--- DATASET CONTENT Enclosed Below ---

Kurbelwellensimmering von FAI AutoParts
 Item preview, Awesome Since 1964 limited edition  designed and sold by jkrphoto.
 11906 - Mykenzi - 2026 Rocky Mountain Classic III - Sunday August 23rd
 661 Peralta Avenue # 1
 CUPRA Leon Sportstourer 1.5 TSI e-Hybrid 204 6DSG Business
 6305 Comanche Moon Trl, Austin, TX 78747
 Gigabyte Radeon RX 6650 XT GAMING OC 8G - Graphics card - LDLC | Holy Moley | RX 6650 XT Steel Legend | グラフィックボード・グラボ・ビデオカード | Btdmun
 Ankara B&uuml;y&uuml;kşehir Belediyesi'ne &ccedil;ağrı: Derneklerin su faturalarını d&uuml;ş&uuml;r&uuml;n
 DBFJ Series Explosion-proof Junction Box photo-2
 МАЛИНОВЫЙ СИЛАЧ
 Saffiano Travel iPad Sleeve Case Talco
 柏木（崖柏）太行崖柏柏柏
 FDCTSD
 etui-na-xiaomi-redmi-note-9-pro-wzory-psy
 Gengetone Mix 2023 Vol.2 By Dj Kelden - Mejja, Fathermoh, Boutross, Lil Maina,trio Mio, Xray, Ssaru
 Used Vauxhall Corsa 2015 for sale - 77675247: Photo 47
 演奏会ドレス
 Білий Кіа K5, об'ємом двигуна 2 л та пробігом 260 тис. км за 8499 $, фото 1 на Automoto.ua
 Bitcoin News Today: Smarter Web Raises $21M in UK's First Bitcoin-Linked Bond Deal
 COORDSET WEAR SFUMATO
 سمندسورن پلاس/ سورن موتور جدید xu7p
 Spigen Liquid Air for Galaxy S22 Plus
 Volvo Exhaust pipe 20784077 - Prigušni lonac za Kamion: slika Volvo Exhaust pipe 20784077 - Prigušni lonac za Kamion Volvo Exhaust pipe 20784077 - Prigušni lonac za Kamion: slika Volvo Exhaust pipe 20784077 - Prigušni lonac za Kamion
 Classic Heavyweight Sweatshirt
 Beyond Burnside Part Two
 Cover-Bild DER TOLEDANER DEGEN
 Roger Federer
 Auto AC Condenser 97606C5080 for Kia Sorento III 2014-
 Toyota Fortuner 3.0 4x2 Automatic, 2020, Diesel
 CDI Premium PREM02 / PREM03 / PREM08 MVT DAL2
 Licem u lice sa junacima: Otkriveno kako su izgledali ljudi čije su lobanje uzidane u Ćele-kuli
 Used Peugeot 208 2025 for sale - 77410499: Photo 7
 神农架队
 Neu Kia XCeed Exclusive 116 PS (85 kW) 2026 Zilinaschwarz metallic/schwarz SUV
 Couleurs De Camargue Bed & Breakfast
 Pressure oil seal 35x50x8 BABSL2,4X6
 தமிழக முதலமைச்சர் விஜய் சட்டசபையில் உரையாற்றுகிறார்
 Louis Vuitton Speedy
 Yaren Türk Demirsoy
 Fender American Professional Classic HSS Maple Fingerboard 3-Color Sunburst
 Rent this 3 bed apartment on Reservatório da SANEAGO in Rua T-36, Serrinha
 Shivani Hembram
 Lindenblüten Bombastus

--- End of Enclosed DATASET CONTENT ---

**EXERCISE REQUIREMENTS:** Everything from the line with "Cover-Bild DER TOLEDANER DEGEN" through the line with "Yaren Türk Demirsoy" should be written out exactly as it appears above, end lines included, and nothing outside that range.

**EXPECTED ANSWER:**
 Cover-Bild DER TOLEDANER DEGEN
 Roger Federer
 Auto AC Condenser 97606C5080 for Kia Sorento III 2014-
 Toyota Fortuner 3.0 4x2 Automatic, 2020, Diesel
 CDI Premium PREM02 / PREM03 / PREM08 MVT DAL2
 Licem u lice sa junacima: Otkriveno kako su izgledali ljudi čije su lobanje uzidane u Ćele-kuli
 Used Peugeot 208 2025 for sale - 77410499: Photo 7
 神农架队
 Neu Kia XCeed Exclusive 116 PS (85 kW) 2026 Zilinaschwarz metallic/schwarz SUV
 Couleurs De Camargue Bed & Breakfast
 Pressure oil seal 35x50x8 BABSL2,4X6
 தமிழக முதலமைச்சர் விஜய் சட்டசபையில் உரையாற்றுகிறார்
 Louis Vuitton Speedy
 Yaren Türk Demirsoy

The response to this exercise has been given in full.